> **TASK INSTRUCTIONS**
Locate the word "with" in the entries below, then gather every line that holds it.

PROVIDED RECORDS Start Marker

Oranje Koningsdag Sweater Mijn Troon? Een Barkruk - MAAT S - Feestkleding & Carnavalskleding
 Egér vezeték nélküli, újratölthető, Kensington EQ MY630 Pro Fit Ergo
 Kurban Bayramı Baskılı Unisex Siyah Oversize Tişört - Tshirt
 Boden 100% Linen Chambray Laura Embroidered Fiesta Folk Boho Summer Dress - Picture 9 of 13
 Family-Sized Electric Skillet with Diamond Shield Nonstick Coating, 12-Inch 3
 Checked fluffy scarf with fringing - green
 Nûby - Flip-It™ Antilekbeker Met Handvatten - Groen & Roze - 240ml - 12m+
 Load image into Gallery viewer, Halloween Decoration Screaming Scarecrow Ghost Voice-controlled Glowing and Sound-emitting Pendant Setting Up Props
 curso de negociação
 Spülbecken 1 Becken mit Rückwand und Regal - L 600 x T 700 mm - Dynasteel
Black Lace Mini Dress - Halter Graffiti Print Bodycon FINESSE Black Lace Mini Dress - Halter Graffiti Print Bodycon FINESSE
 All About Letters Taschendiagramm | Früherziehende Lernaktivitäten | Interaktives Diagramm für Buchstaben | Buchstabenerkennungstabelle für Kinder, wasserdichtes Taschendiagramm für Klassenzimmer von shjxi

PROVIDED RECORDS End Marker

> **TASK OUTPUT**
 Family-Sized Electric Skillet with Diamond Shield Nonstick Coating, 12-Inch 3
 Checked fluffy scarf with fringing - green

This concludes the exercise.